Harvard University hit a milestone in 1969, enrolling its first class containing more than 100 African-Americans, according to a 1975 report by The Harvard Crimson. Such a milestone was not celebrated by all, however, as a number of media outlets published pieces attacking the students and Harvard’s affirmative action policies. One such article appeared in a September 1973 issue of the New York Times Magazine and was written by Dr. Martin Kilson, Harvard’s first fully-tenured Black professor. In the article, titled “The Black Experience at Harvard,” Kilson observed how many Black undergraduates regularly sat together at the same tables during meals, and accused the students of self-segregation and intellectual withdrawal.
Kilson essentially attacked the Black students for rejecting racial integration.

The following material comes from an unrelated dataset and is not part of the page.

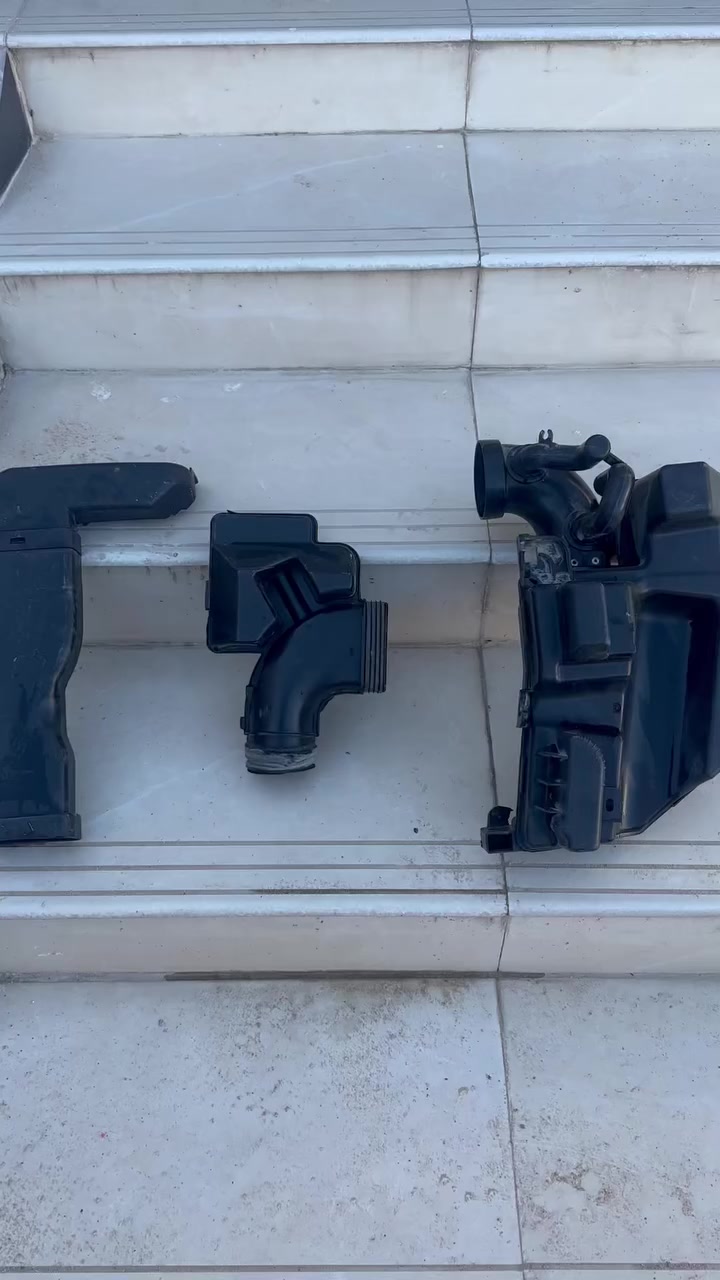 غراض شوته كيا ريو مديل 2014 الي محتاجهن يجي ياخذهن بلاش هذا رقمي
***********
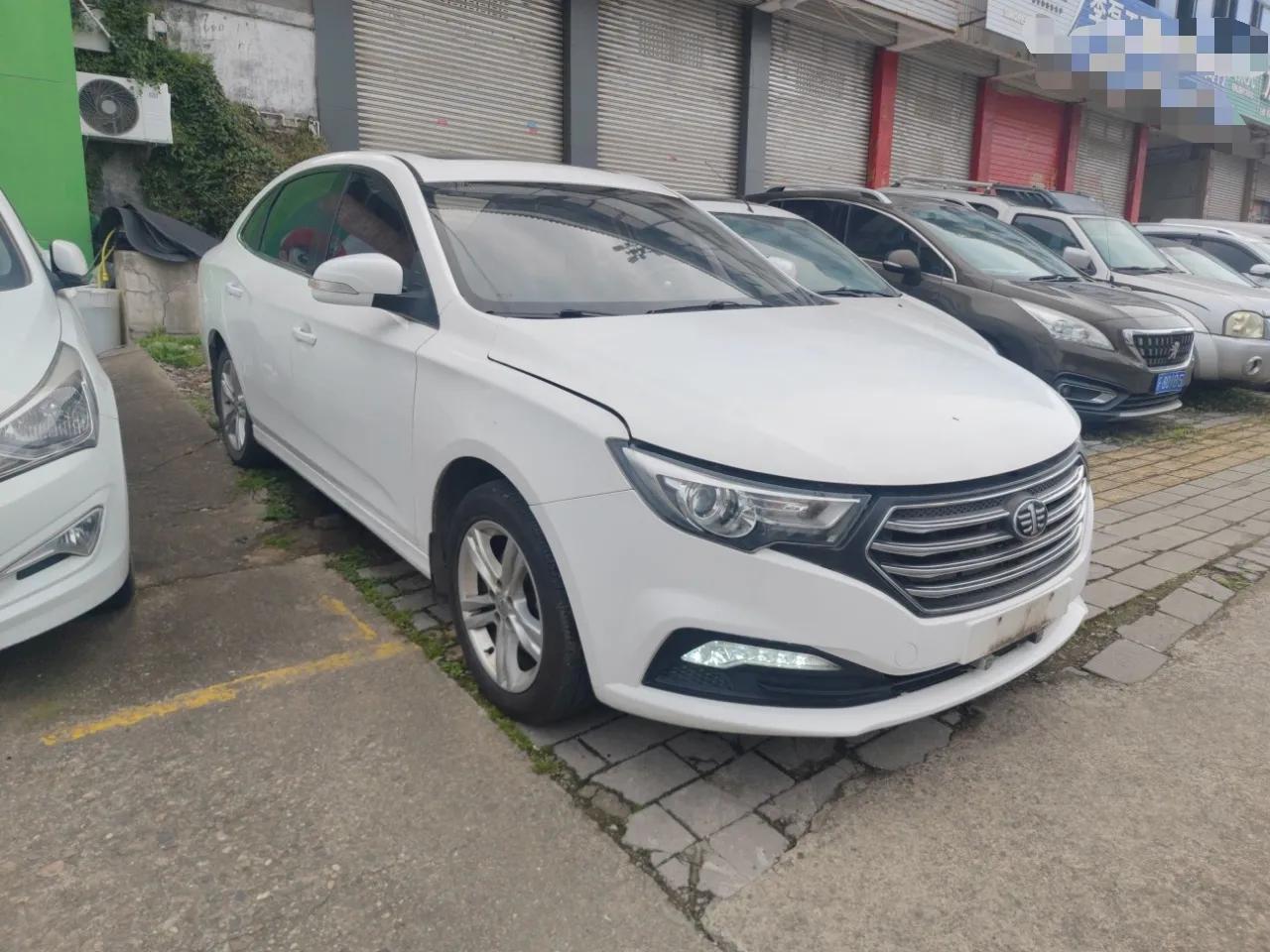 Bestune B30 2017 1.6L Manual Luxury Edition — миниатюра 3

In response, one Black student activist, Bill Fletcher, noted that it was easy to photograph Black students eating together but asked, “How come the Times didn’t run photos of rich White students getting drunk at the elite WASP final clubs?” Within a year of that class graduating, a research study, conducted by sociologist Don Barfield of the Harvard Efficacy Project on behalf of Harvard College, revealed that Black students actually had a wider range of social interactions than Whites.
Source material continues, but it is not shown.